Talk: AVScan2Vec, feature Learning on Antivirus Data, 4/14
Learns semantics for production-scale Malware Corpora
The UMBC Cyber Defense Lab presents
AVScan2Vec: Feature Learning on Antivirus Scan
Data for Production-Scale malware corpora
RJ Joyce
UMBC Discovery, Research, and Experimental Analysis of Malware Lab
12-1pm ET, Friday, 14 April 2023, via WebEx
Joint work with Tirth Patel, Dr. Charles Nicholas, and Dr. Edward Raff
We introduce AVScan2Vec, a sequence-to-sequence autoencoder that can ingest AV scan data, extract semantic meaning, and produce meaningful feature vectors for malware. AVScan2Vec is able to bypass several limitations of prior malware feature-extraction methods, while simultaneously showing noteworthy improvement in several relevant ML tasks. Our implementation of AVScan2Vec in combination with Dynamic Continuous Indexing is especially potent, enabling 10 nearest-neighbor lookup queries in ~16ms on a dataset containing over seven million malware samples. Automation has become increasingly more vital to the field of malware analysis due to manual effort being slow and costly. To improve common tasks such as classification, clustering, and nearest-neighbor lookup of malware, improving malware feature extraction has been a significant research focus. Many approaches rely on features that can only be obtained using prolonged analysis. Due to the enormous quantity and variety of malware, however, applying these feature extraction techniques to a production-size malware corpus would be infeasible. Other, more scalable feature-extraction methods are hindered by static obfuscation, restricted to a single file format, and/or limited in their capacity to identify higher-level malware features. Our work explores the under-recognized potential of antivirus (AV) scan data, which is relatively cheap to acquire and contains rich features.

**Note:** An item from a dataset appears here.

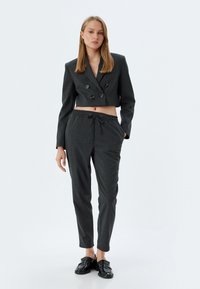 Korte, donkergrijze blazer met dubbele knopen, gecombineerd met donkergrijze, taps toelopende broek met een verstelbare trekkoord in de taille. Zwarte schoenen.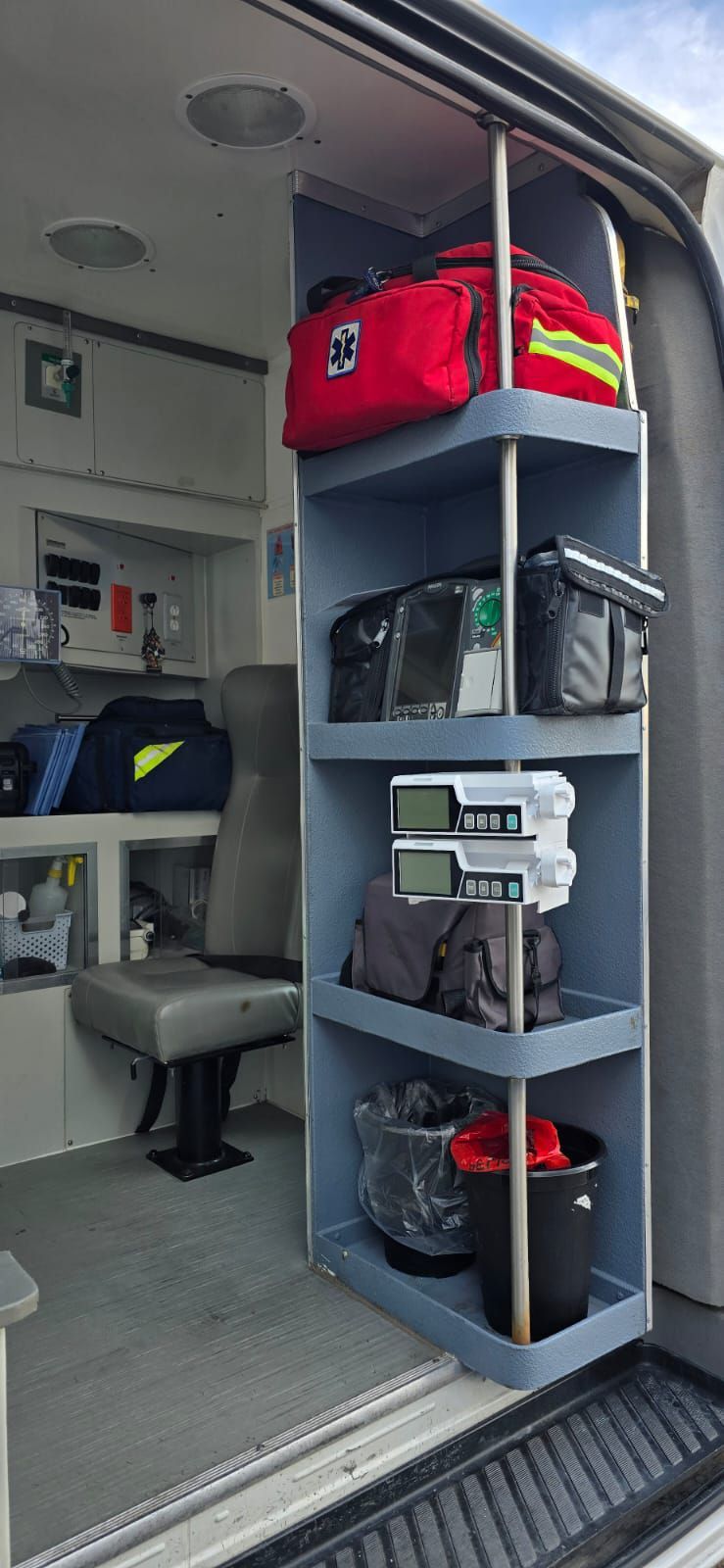 Interior de una ambulancia con estantes que contienen suministros médicos.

RJ Joyce (joyce8@umbc.edu) is a PhD student at UMBC under the supervision of Dr. Charles Nicholas and Dr. Edward Raff. Presently, RJ works as a data scientist at Booz Allen Hamilton performing research at the intersection of malware analysis and machine learning. RJ is also a visiting lecturer at UMBC and is teaching the Principles of Computer Security course this semester.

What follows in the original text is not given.